LS-VOS: Identifying Outliers in 3D Object Detections Using Latent Space Virtual Outlier Synthesis

Abstract

LiDAR-based 3D object detectors have achieved unprecedented speed and accuracy in autonomous driving applications. However, similar to other neural networks, they are often biased toward high-confidence predictions or return detections where no real object is present. These types of detections can lead to a less reliable environment perception, severely affecting the functionality and safety of autonomous vehicles.

We address this problem by proposing LS-VOS, a framework for identifying outliers in 3D object detections. Our approach builds on the idea of Virtual Outlier Synthesis (VOS), which incorporates outlier knowledge during training, enabling the model to learn more compact decision boundaries. In particular, we propose a new synthesis approach that relies on the latent space of an auto-encoder network to generate outlier features with a parametrizable degree of similarity to in-distribution features. In extensive experiments, we show that our approach improves the outlier detection capabilities of a state-of-the-art object detector while maintaining high 3D object detection performance.

Method

Overview of the proposed LS-VOS framework. During training, the backbone of a 3D object detector extracts features from the input point cloud. Based on the IoU with the ground truth bounding boxes, features are divided into in-distribution (ID) and false positives (FP). The ID features, concatenated with the one-hot-encoded predicted class, are saved at each training step in a queue Q. To synthesize virtual outliers, ID features are randomly sampled from Q and an encoder (E) is used to embed them. Random noise is added to the embedded features which are then reconstructed using a decoder (D). These reconstructed features (virtual outliers) are used together with ID and FP to train the uncertainty head, which returns high scores for OOD objects and low scores for ID objects.
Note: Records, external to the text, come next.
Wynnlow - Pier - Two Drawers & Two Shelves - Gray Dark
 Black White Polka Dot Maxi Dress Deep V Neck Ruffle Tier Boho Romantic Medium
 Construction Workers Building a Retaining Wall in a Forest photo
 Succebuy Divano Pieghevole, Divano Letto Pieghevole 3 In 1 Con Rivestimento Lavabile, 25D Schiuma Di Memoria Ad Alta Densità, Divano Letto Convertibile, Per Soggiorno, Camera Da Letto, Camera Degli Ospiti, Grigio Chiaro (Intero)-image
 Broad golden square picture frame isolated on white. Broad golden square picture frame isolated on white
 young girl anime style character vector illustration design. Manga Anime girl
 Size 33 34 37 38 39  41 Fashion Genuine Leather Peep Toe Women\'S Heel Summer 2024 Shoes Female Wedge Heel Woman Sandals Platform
In the detection plot, we use the color green for ground truth boxes and blue for predictions. We use red to highlight the predicted boxes classified as OOD.

Results

Qualitative results of PV-RCNN++ trained with the proposed LS-VOS framework. All four scenes are from the Waymo Open Dataset validation set. In green, we report the ground truth bounding boxes, and in blue the predicted bounding boxes. In red, we highlight the detections classified as OOD using the decision rule with threshold \(\tau\) chosen at \(95\%\) true positive rate.